Simone Bellavia's Web Page

GPT-5-Codex and Codex improvements

New model in town! GPT-5-Codex is a version of GPT-5 specifically realized for agentic coding in Codex. Here’s what you need to know:

  • It dynamically adapts its thinking based on the complexity of the task.
  • Adheres to AGENTS.md instructions.
  • It has been trained specifically for conducting code reviews and finding critical flaws.
  • GPT-5 and GPT-5-Codex achieve comparable accuracy on SWE-bench Verified (72.8% vs. 74.5%), but GPT-5-Codex shows a clear advantage in code refactoring tasks (51.3% vs. 33.9%).
  • OpenAI found that comments by GPT‑5-Codex are less likely to be incorrect or unimportant: GPT-5-Codex produces fewer incorrect comments (4.4% vs. 13.7%) and more high-impact comments (52.4% vs. 39.4%) than GPT-5. Interestingly, GPT-5 makes more comments per pull request on average (1.32 vs. 0.93), but with lower precision and impact.

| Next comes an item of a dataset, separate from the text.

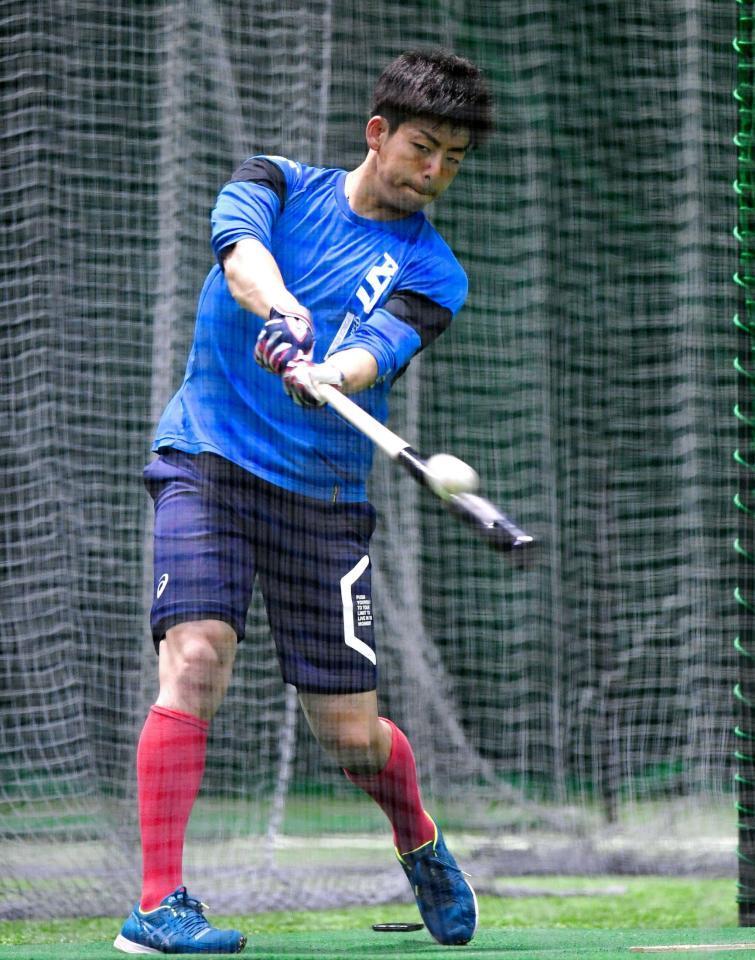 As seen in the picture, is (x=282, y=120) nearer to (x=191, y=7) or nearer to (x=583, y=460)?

Many are complaining about the naming and the “Codex everywhere”. Honestly, I don’t care so much about the poor naming scheme as long as models and tools are good.

GPT-5-Codex is not available in the API but it will be soon. To use it, you will need Codex CLI, so make sure to install it: npm i -g @openai/codex. @sama claims that GPT-5-Codex already represents ~40% of traffic for Codex.

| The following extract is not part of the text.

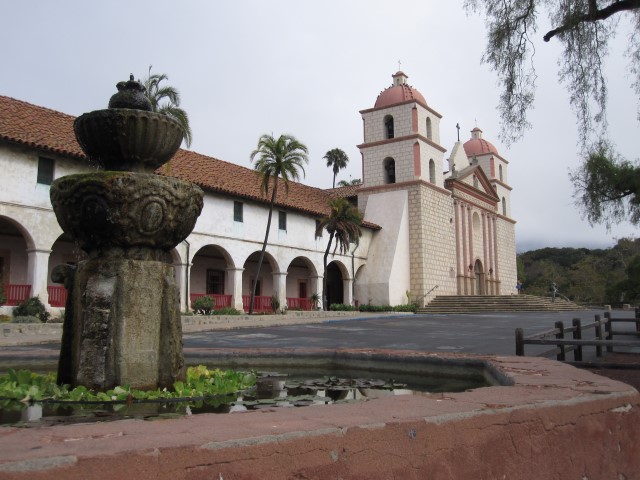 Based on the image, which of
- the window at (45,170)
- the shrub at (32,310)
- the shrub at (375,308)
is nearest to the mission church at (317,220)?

I installed and tried it (yes, haven’t done before, this is the first time for me using Codex). You can choose the model reasoning effort: prompting /model, Codex will let you choose between gpt-5-codex low, gpt-5-codex medium and gpt-5-codex high. Although OpenAI recommends to leave the model_reasoning_effort at default (medium) to take the most advantage of the more dynamic reasoning effort.

Along with the model, they also provided more updates:

  • Codex runs in a sandboxed environment with network access (opens in a new window) disabled, whether locally or in the cloud.
  • In Codex CLI, you can now resume a previous interactive session.
  • Once turned on for a GitHub repo, Codex automatically reviews PRs.
  • It is possible to asynchronously delegate tasks to Codex Cloud.

And more.

I think they’re heading in the right direction, actually. They’re focusing their efforts on the tools, which is good. What’s more, I have to say that I’ve reevaluated GPT5 and am using it daily instead of Claude. That’s why I appreciate and welcome these new releases.

Last but not least, Codex is open-source!